### [Extracted information]
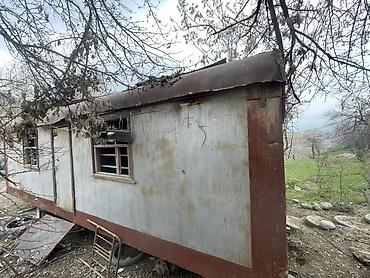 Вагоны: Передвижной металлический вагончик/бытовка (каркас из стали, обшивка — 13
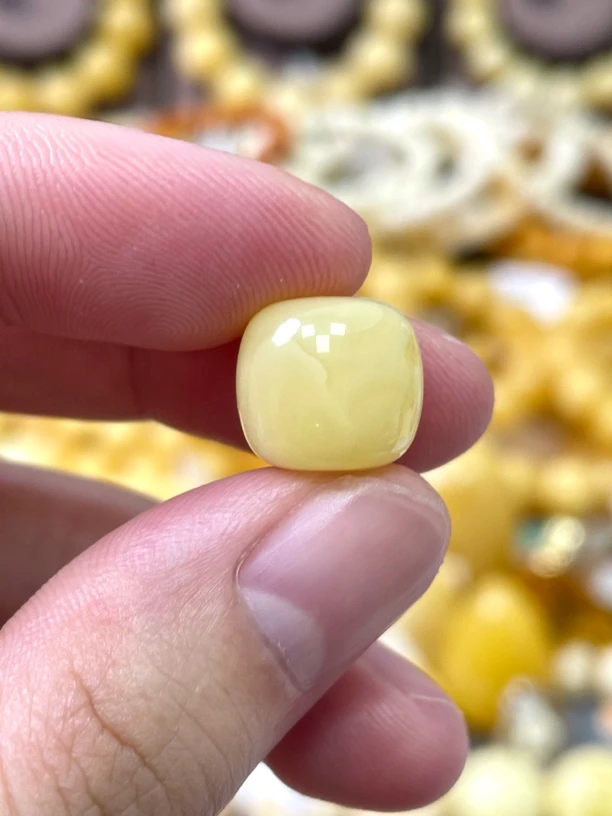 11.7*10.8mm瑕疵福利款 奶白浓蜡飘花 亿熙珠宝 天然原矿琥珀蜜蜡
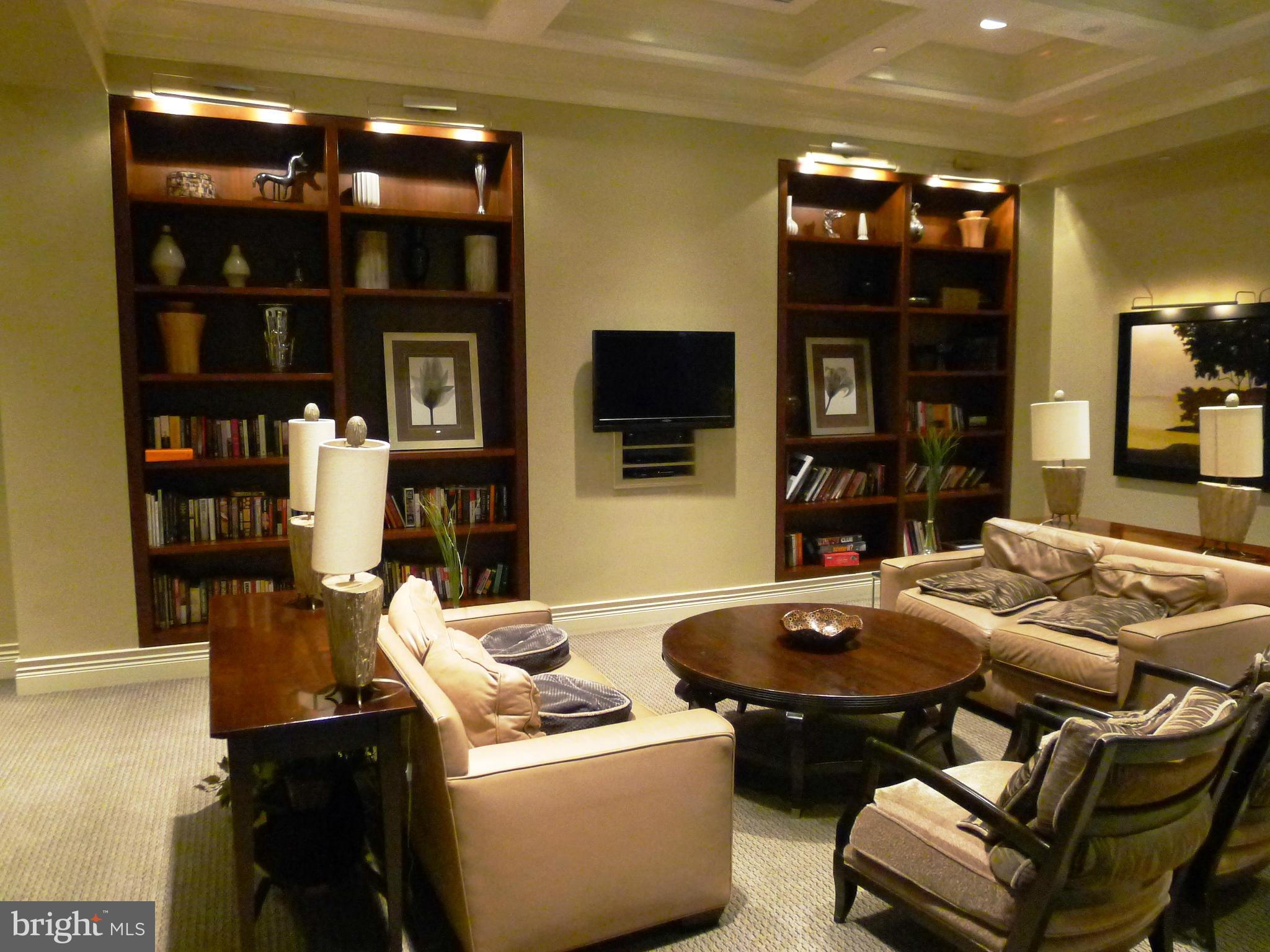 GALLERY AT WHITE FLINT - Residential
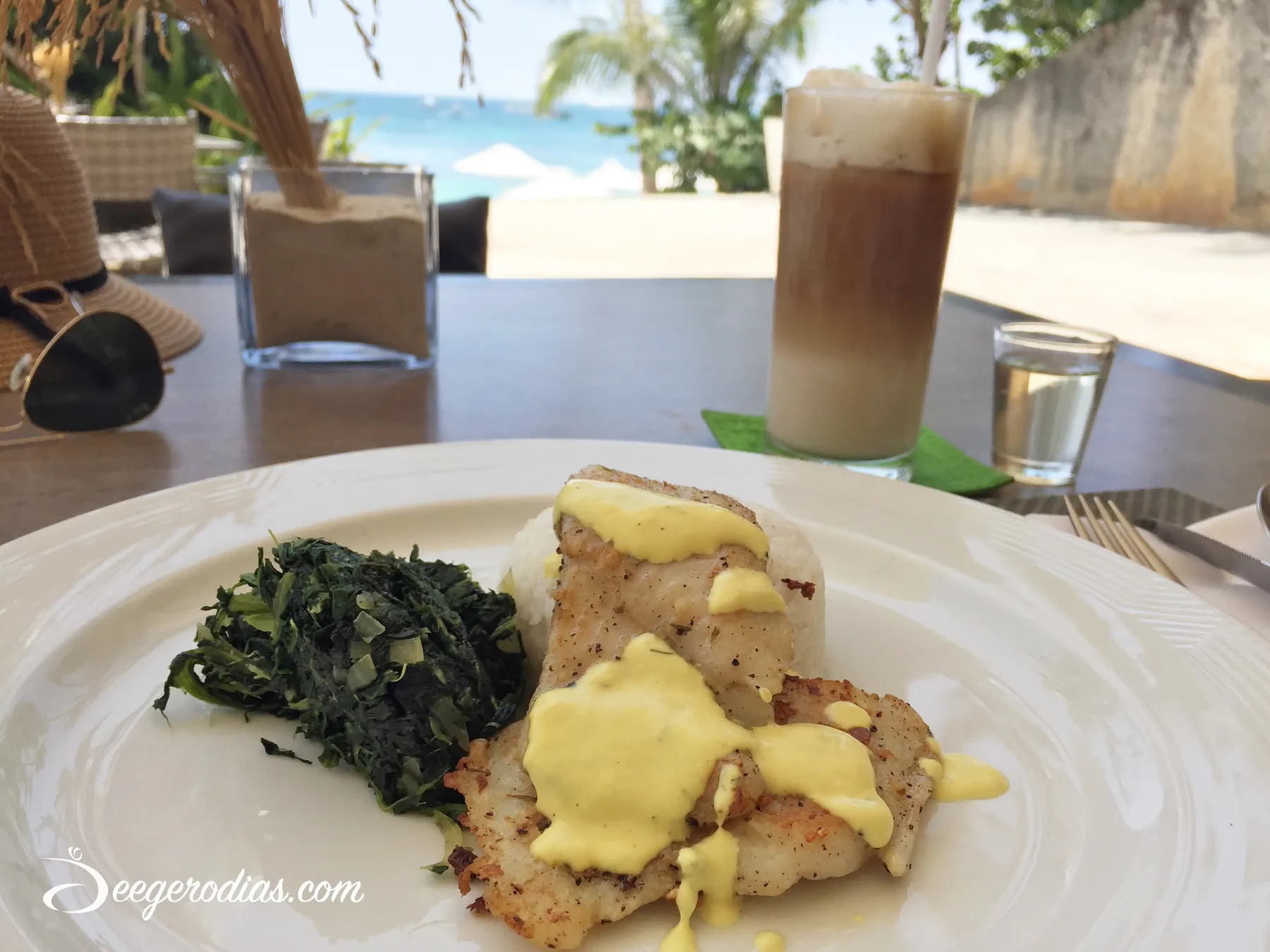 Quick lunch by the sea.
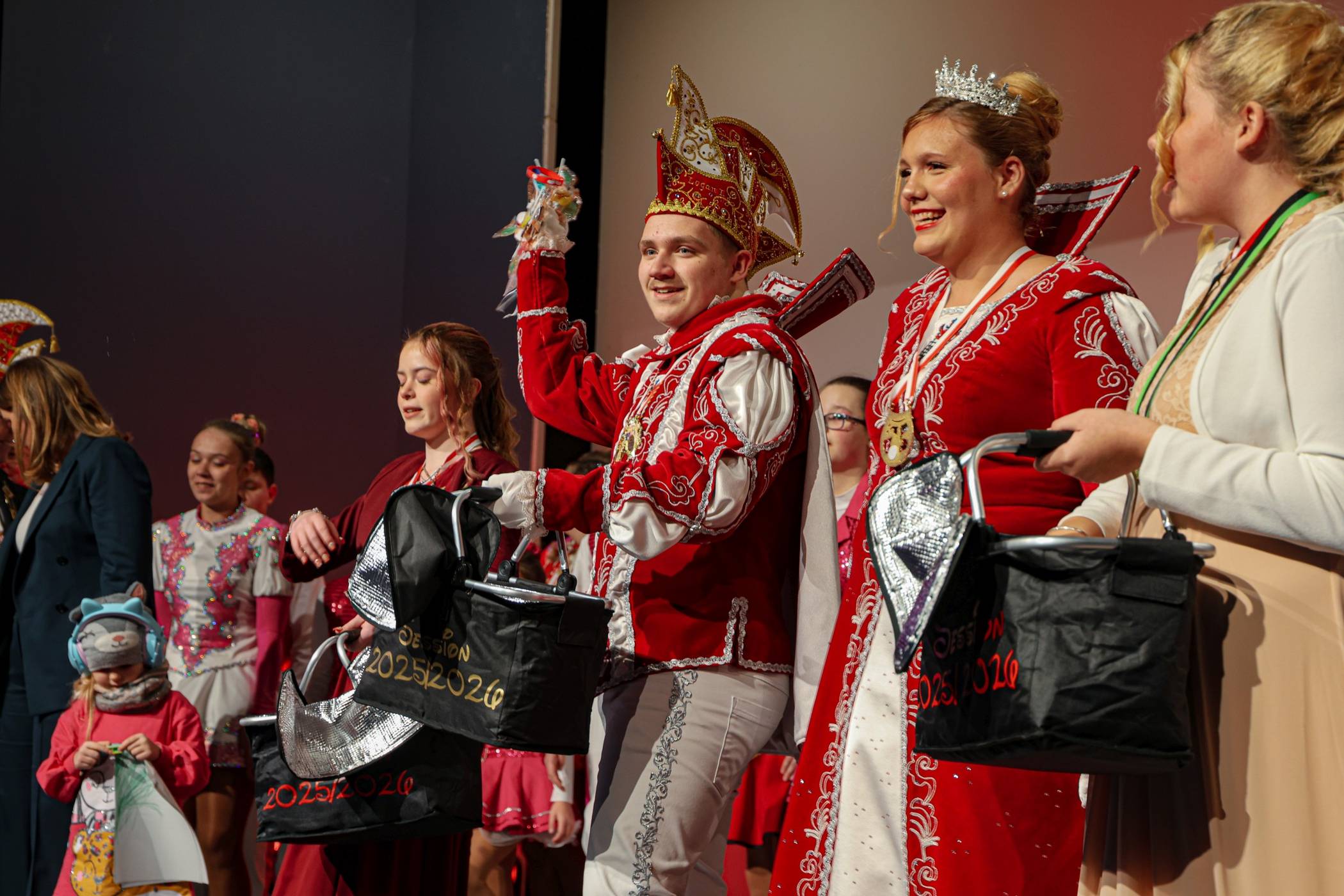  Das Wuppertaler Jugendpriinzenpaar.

* * *

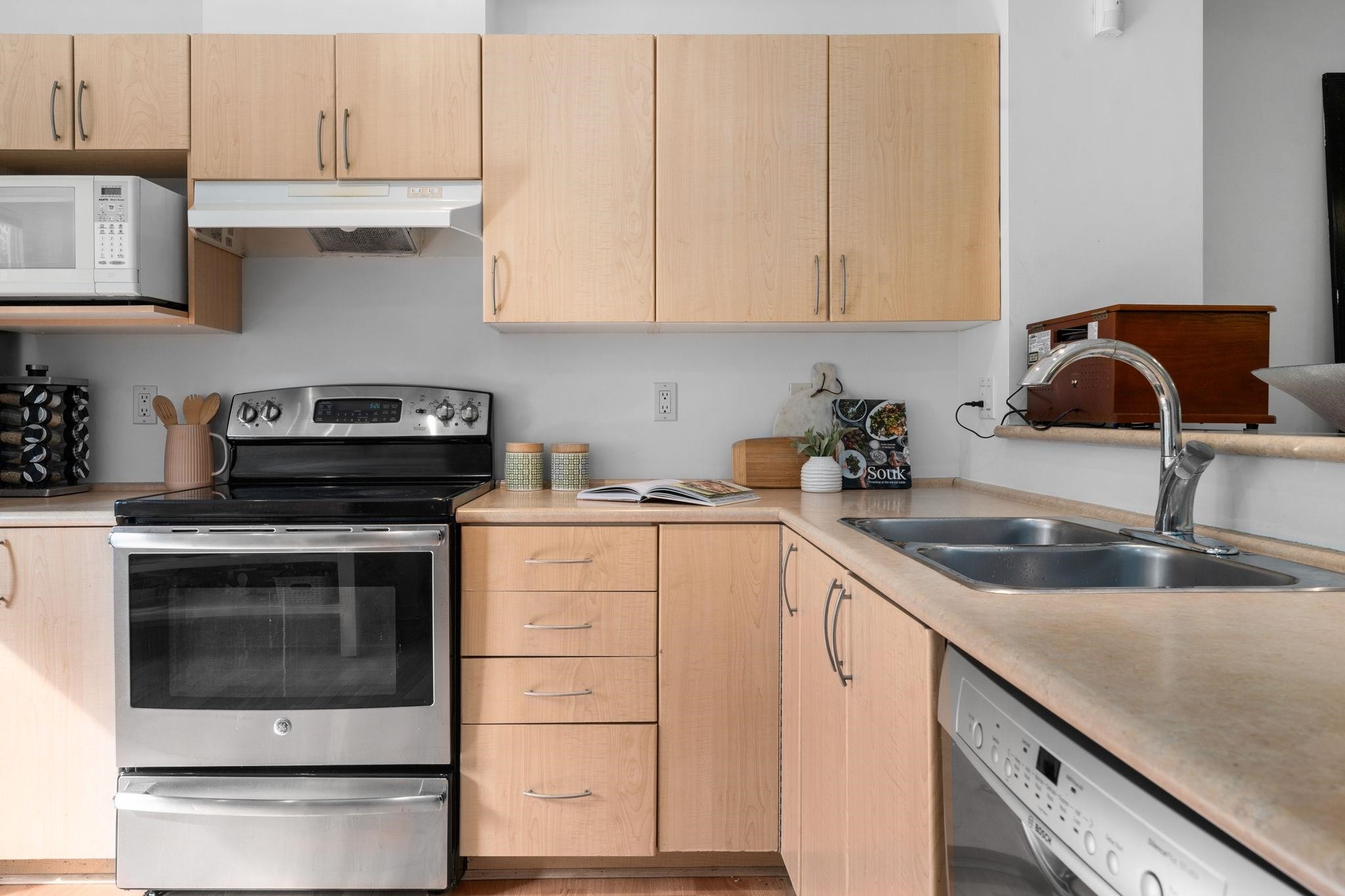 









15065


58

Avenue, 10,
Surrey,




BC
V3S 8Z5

---

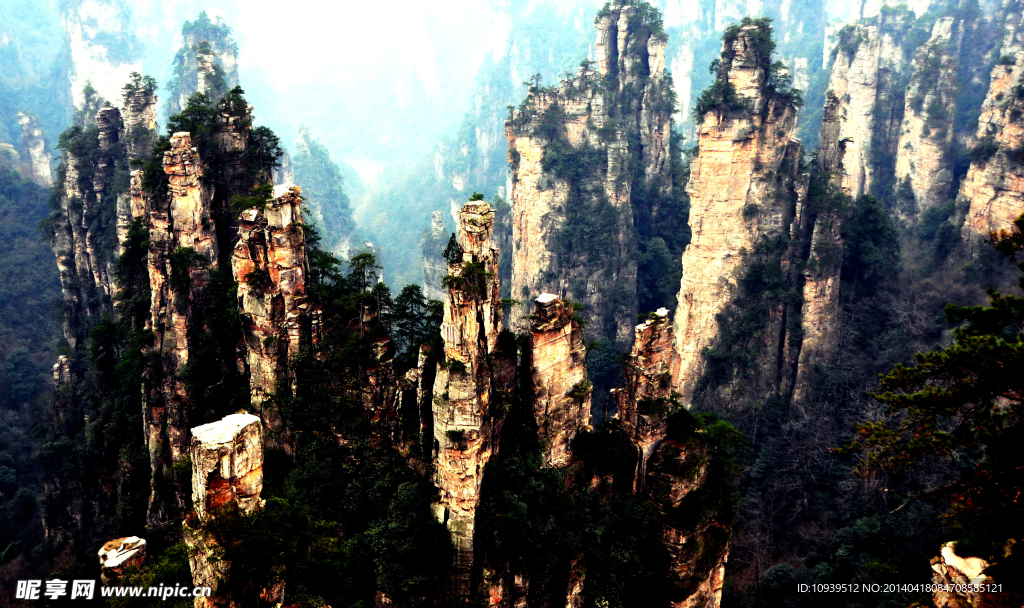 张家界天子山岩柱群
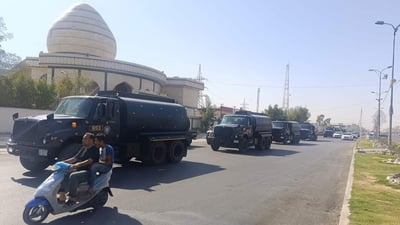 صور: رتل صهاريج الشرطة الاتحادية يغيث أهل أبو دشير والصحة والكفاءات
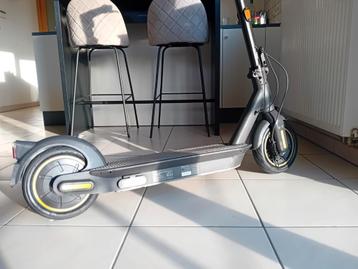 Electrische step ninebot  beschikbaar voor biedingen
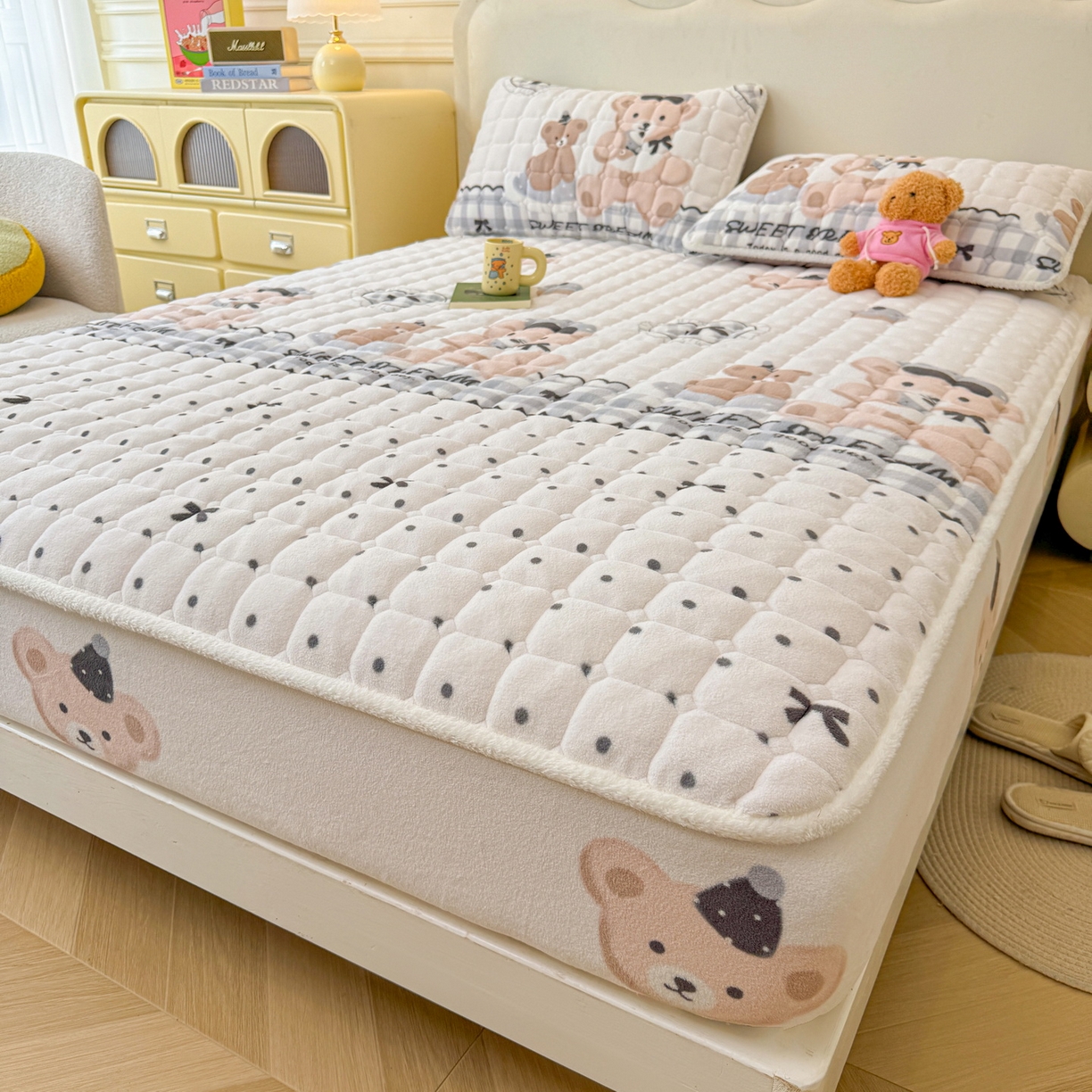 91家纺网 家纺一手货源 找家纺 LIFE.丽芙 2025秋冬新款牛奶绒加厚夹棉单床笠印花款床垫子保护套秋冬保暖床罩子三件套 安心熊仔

### [What the task asks]
The expected output is the lines above from the one containing "Вагоны: Передвижной металлический" to the one containing "Das Wuppertaler Jugendpriinzenpaar.", both ends included, reproduced exactly with every picture left out.

### [Answer]
 Вагоны: Передвижной металлический вагончик/бытовка (каркас из стали, обшивка — 13
 11.7*10.8mm瑕疵福利款 奶白浓蜡飘花 亿熙珠宝 天然原矿琥珀蜜蜡
 GALLERY AT WHITE FLINT - Residential
 Quick lunch by the sea.
  Das Wuppertaler Jugendpriinzenpaar.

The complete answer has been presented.